It's been a question that has popped up by non-readers of this site for a while. This is probably a chance to explain all of this contextually.
Since the early 2000s, one of my writing topics had been about sports. Baseball has been the primary sport of choice for most of my life, so I felt compelled to put my love for the game into words. Of those who read my work, they hoped it would be available on a larger stage for the world to see.
In 2008, Major League Baseball Advanced Media opened up their MLBlogs sites for no charge, as opposed to a per month rate. Not only did I migrate my earlier work onto the new site, I began writing volumes of new and relative material. The Heirloom was born. It became the bane of my existence while figuring out what to do with the rest of my written work.
This year alone saw a turn towards a different focus. Regular readers of V&R have witnessed this turn as I put more emphasis on the automotive work above my baseball writing. The growing readership along with the inroads made in this industry superseded what I was hoping to do with The Heirloom.
Something had to give. The Heirloom ended right after the greatest regular season finale in baseball history. It's still up, but it will not be updated anymore.
For those who are fans of my baseball writing, I can state that I was pitched a potential project to have a compilation of that work put into an eBook format. I am not at liberty to divulge any details of this project at this time. Once details are finalized, I will put out a message on my social media outlets on the project and so forth.

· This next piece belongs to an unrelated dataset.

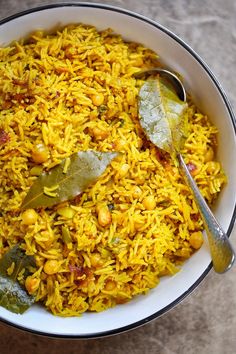 a white bowl filled with yellow rice and vegetables next to a spoon on top of a table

V&R remains a solid place for my automotive work to grow. I will also expand V&R's presence on another site as part of a local magazine's online experience. Plus, my experience working in social media is becoming more of a consultancy for businesses and individuals to help strategize and organize their online presence to connect with other interested parties.
But, there is a fact that may not come as a surprise to those of us in and around the automotive industry. We auto folks are sports fans, too!
Go on Twitter and check out the followers I have. Every Saturday, it becomes a battle between the University of Michigan and Michigan State University. Sundays are about the Detroit Lions and Chicago Bears. With MLB's Postseason under way, the Detroit-based contingent is rallying behind their Tigers.
Obviously, plenty of my colleagues are into motorsport. For the industry, motorsport remains the test bed for the future of their products. A new technology gets sent to the track before it would be installed on your new vehicle. A win on the track is a win for the entire company – or, at leats the brand tacked onto the winner. At least, that's how it works. NASCAR still believes in the "win on Sunday, drive on Monday" philosophy, despite the current Sprint Cup racers look nothing like their production counterparts.
One of my friends and supporters of my work tweeted that you hoped I would integrate baseball with this work. Maybe. The interesting point about the game is the insanity Major League ballparks have in store for motorists. To see the Minnesota Twins, Chicago Cubs and White Sox, I'd rather leave the car at home and take public transport to the game. The same goes for the Minnesota Wild, Timberwolves and Lynx, Milwaukee Bucks and Admirals, Chicago Bears…and so forth.
In the case of seeing minor league sports, a car would be put into play. Minor league venues are great not only for the price of admission – it is also because of the price of everything else. Last year, I recall just paying a few dollars to park close to Principal Park in Des Moines to the see the Iowa Cubs. That's came to about the same as a round trip on the Chicago Transit Authority to get to and from Wrigley Field from The Loop.
When a review vehicle comes up next spring, I might be compelled to take it on a baseball trip somewhere. Not too far, perhaps. Maybe it will be taken to a minor league game (or an independent league game – such as the Fargo-Moorhead Red Hawks or the Windy City Thunderbolts).
As for The Heirloom, I feel a sense of relief. I do miss the camaraderie of my fellow baseball bloggers, but I am getting that amongst my fellow automotive journalists, enthusiasts and colleagues in the industry. I walked away from MLBlogs with some allies for the long haul, however. I can be proud of that fact.